Préface de Jean-Louis Bory à La Femme changée en renard, Éd. Rencontre Lausanne, 1963

Lady into fox est une histoire scandaleuse. Scandaleuse pour des citoyens raisonnables, pour tous les gens doués de bon sens. D'autant plus scandaleuse que l'histoire se déroule dans l'Oxfordshire, et de nos jours. D'autant plus scandaleuse que la métamorphose porte sur une lady, non sur une woman, et qu'elle a pris l'aspect le plus provoquant : celui de la modification instantanée, fracassante, catastrophiquement dérangeante – le coup de baguette des fées : "à l'endroit où sa femme avait été un instant plus tôt, il vit un petit renard d'un rouge très vif". Métamorphose enfin d'autant plus scandaleuse qu'elle ne scandalise pas l'auteur.

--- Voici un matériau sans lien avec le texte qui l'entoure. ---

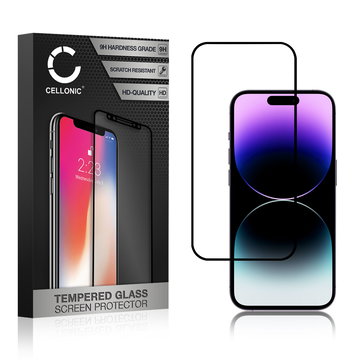 Displayschutzglas Apple iPhone 14 Pro (3D Case-friendly, 9H, 0,33mm, Full Glue) Displayschutz Tempered Glass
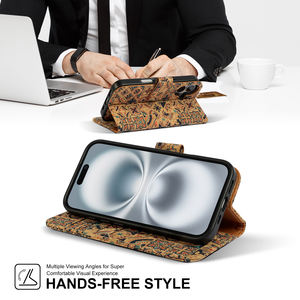 Étui de <span class=keywords><strong>téléphone</strong></span> à chargement sans fil magnétique détachable fleur de liège biodégradable OEM étuis de <span class=keywords><strong>téléphone</strong></span> portable pour iphone 17 Pro Max étui - Product Image 3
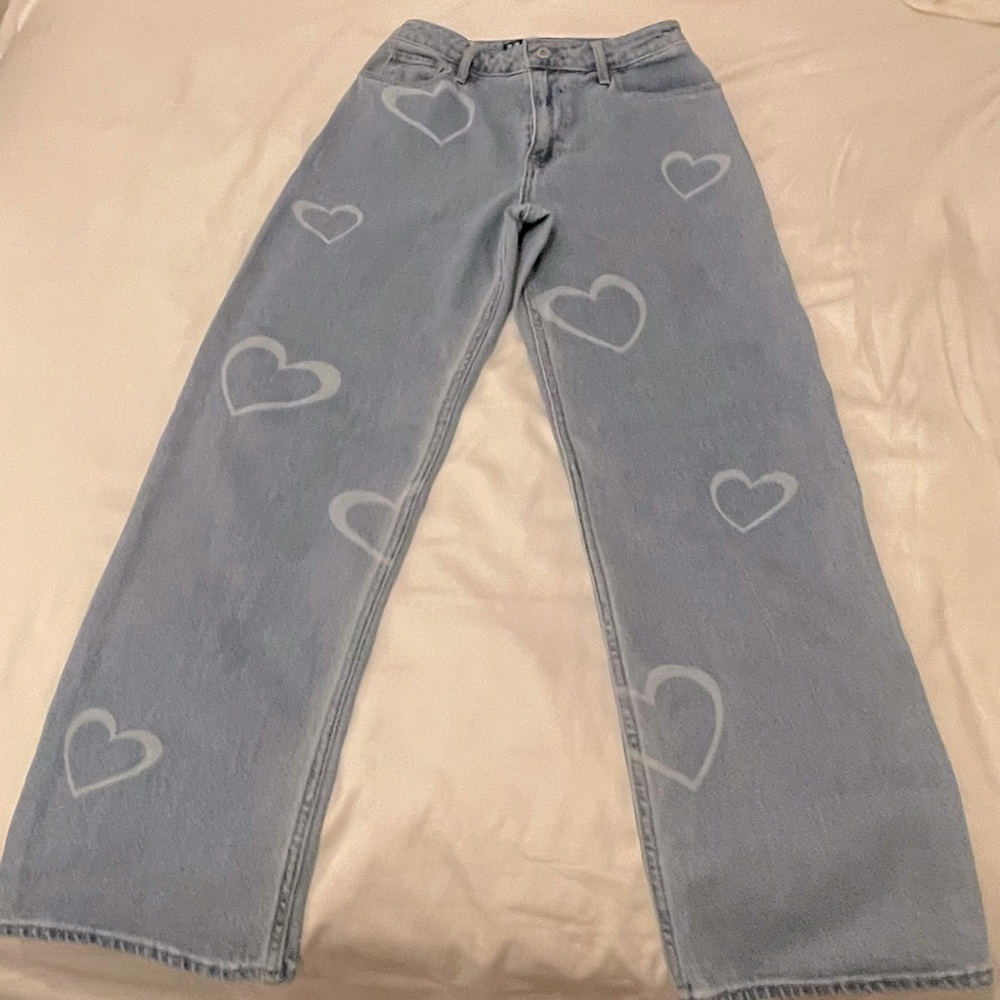 Hollister High rise Dad Heart Jeans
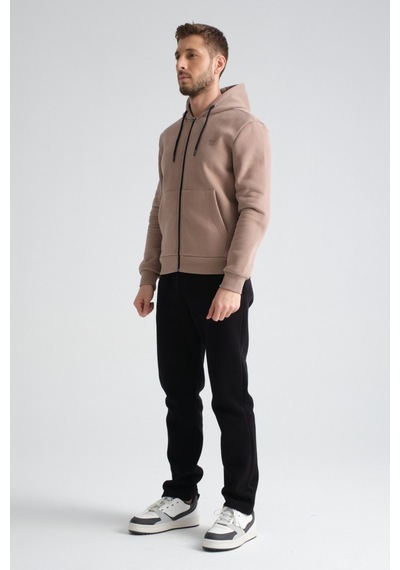 Shooter Sportswear Shooter Erkek Kışlık Eşofman Takımı Luxe Regular Kapüşonlu Vizon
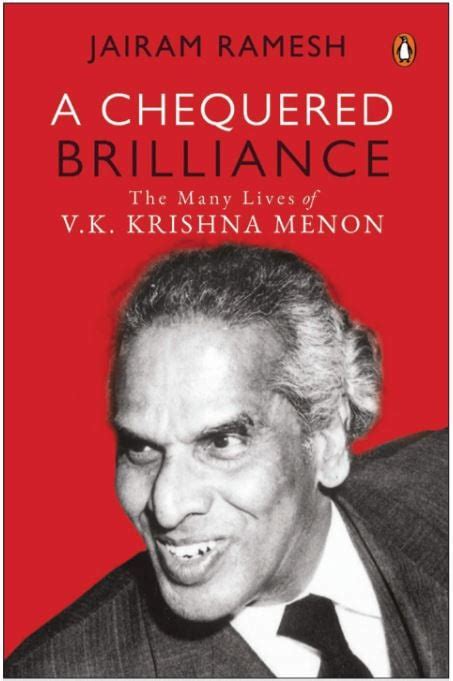 Menon & Menon: A tale of two Menons and two books by Jairam Ramesh and Narayani Basu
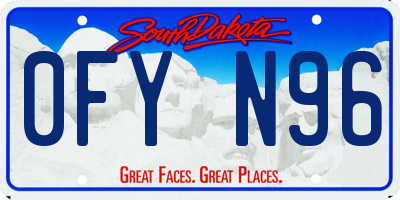 SD license plate 0FYN96
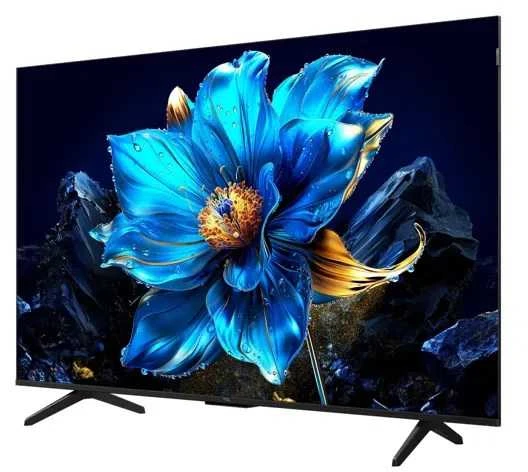 Televizorius TCL 4K QLED TV | 55T69C | 55 | Smart TV | Google TV | UHD | Juodas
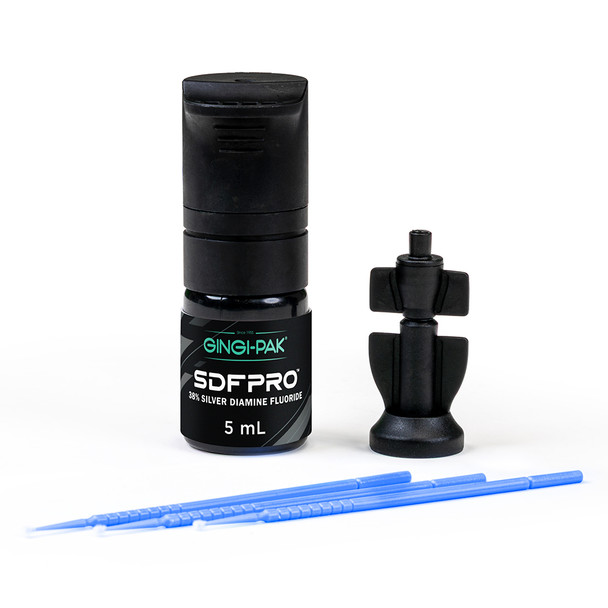 Gingi-Pak SDF Pro 38% Silver Diamine Fluoride, Bottle Kit and Unit Dose Kit with Applicator Tips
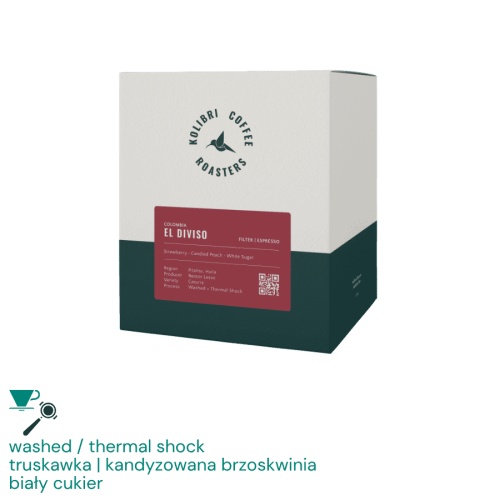 Kolibri Kolumbia El Diviso filter 250 g | CoffeeLove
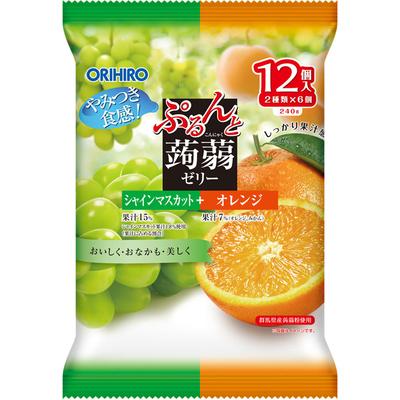 Orihiro Plundry Purun Konnyaku Jelly Jelly Konjac Shine Muscat + Orange 12 Pieces Other (check Locks, Tongue Cleaners, Etc.) Other (check Locks, Tongu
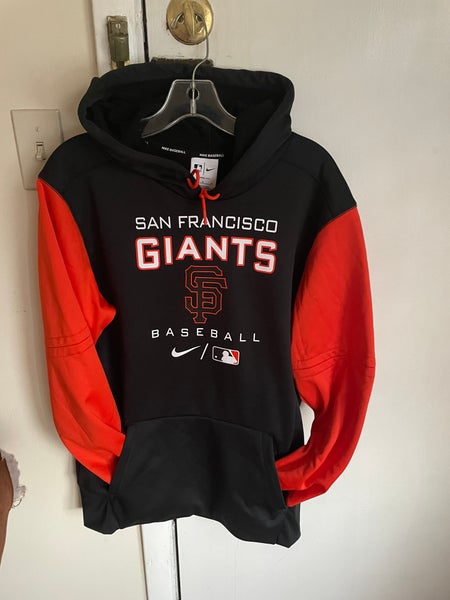Nike Baseball (MLB San Francisco Giants) Men's 3/4-Sleeve Pullover Hoodie.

Je ne pense pas qu'il faille voir dans La femme changée en renard, une allégorie, ou quelque signification symbolique. David Garnett conte pour le plaisir de conter, pour le plaisir du "et alors ?" qu'amène sur les lèvres des auditeurs un récit bien mené – curiosité à laquelle on doit le meilleur de la littérature policière, surtout anglaise, comme on sait. Mais il n'est pas interdit de dénicher, au creux de cette fable, une morale, plutôt qu'une moralité : on est ce que l'on est. Pour moi, je verrai dans ce roman une des plus belles histoires d'amour. Dans l'aventure de ce gentleman amoureux de sa renarde d'épouse, et fidèle, au point de se métamorphoser presque, lui le mari, lui un gentleman, en individu sale, négligé, lui un Anglais, en un être qui hésite à peine à se mettre à quatre pattes – bref : en une bête – je salue l'illustration du couple idéal et le secret du bonheur conjugal.